▸ **Exercise details**
Drop the pictures and repeat exactly from the "5 Oz Clear Glass" line down to the last line of the entries below.

Data entries
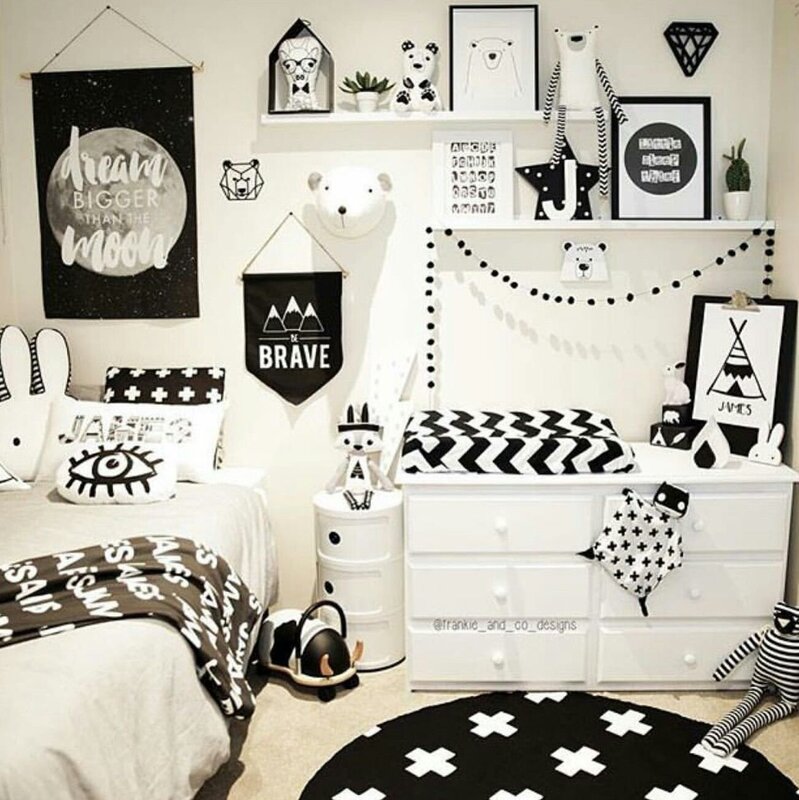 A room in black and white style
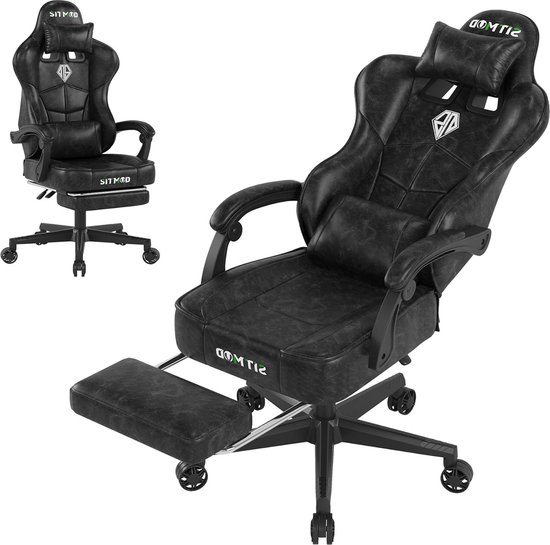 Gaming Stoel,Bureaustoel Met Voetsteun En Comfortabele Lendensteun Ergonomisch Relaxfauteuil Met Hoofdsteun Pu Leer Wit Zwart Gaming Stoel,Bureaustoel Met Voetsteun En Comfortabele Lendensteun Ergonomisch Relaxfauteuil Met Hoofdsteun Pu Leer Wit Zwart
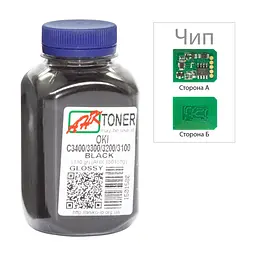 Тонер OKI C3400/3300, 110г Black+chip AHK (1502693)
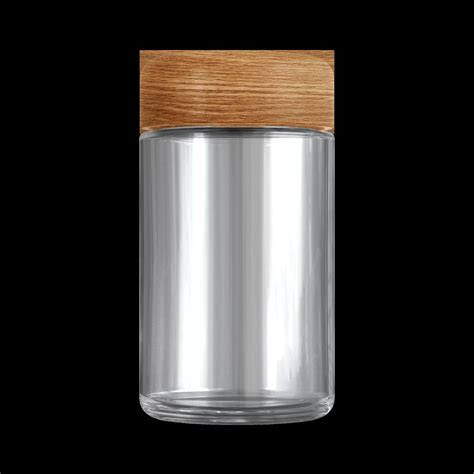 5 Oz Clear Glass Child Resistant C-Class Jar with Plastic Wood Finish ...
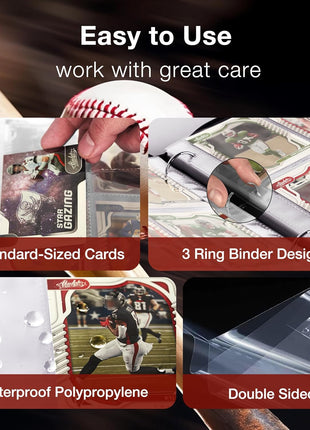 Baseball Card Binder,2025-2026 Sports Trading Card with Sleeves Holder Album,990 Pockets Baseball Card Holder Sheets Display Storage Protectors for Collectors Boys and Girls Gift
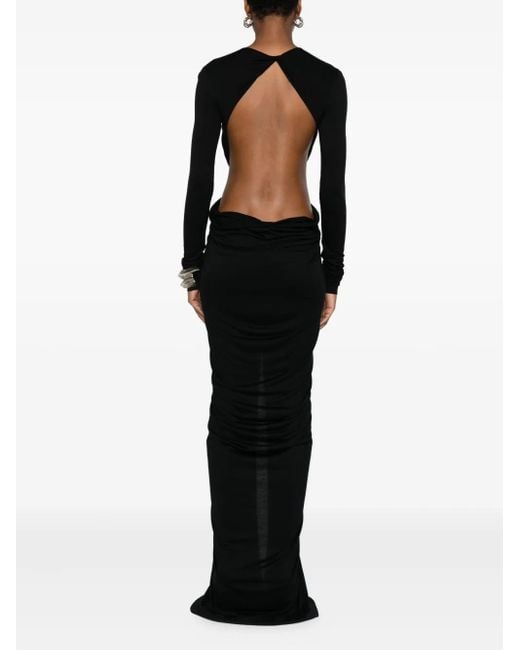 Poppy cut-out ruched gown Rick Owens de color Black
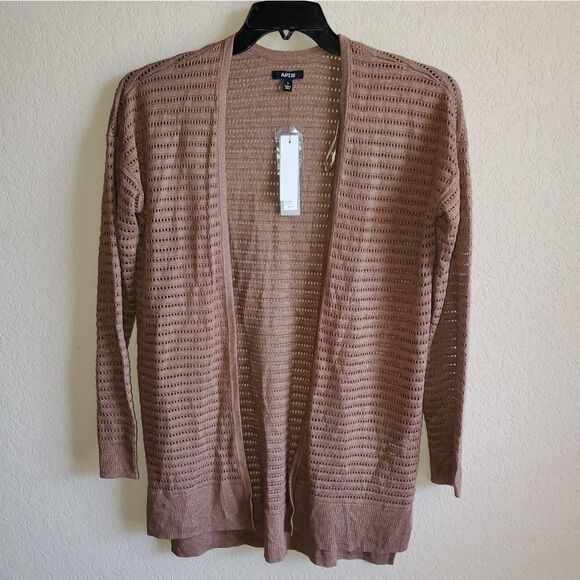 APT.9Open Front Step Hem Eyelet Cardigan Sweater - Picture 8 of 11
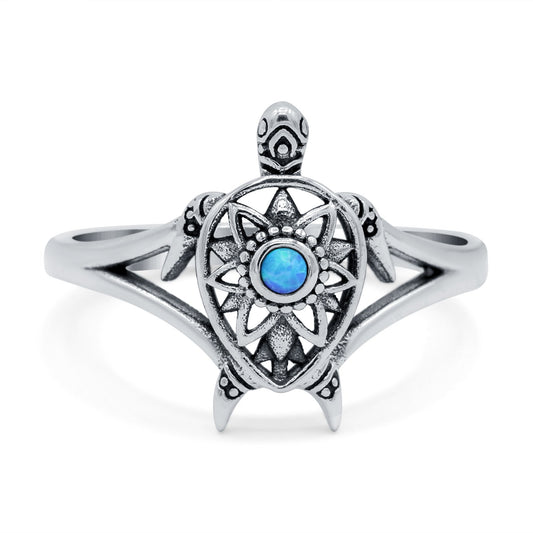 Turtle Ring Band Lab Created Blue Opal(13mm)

▸ **The completed task**
 5 Oz Clear Glass Child Resistant C-Class Jar with Plastic Wood Finish ...
 Baseball Card Binder,2025-2026 Sports Trading Card with Sleeves Holder Album,990 Pockets Baseball Card Holder Sheets Display Storage Protectors for Collectors Boys and Girls Gift
 Poppy cut-out ruched gown Rick Owens de color Black
 APT.9Open Front Step Hem Eyelet Cardigan Sweater - Picture 8 of 11
 Turtle Ring Band Lab Created Blue Opal(13mm)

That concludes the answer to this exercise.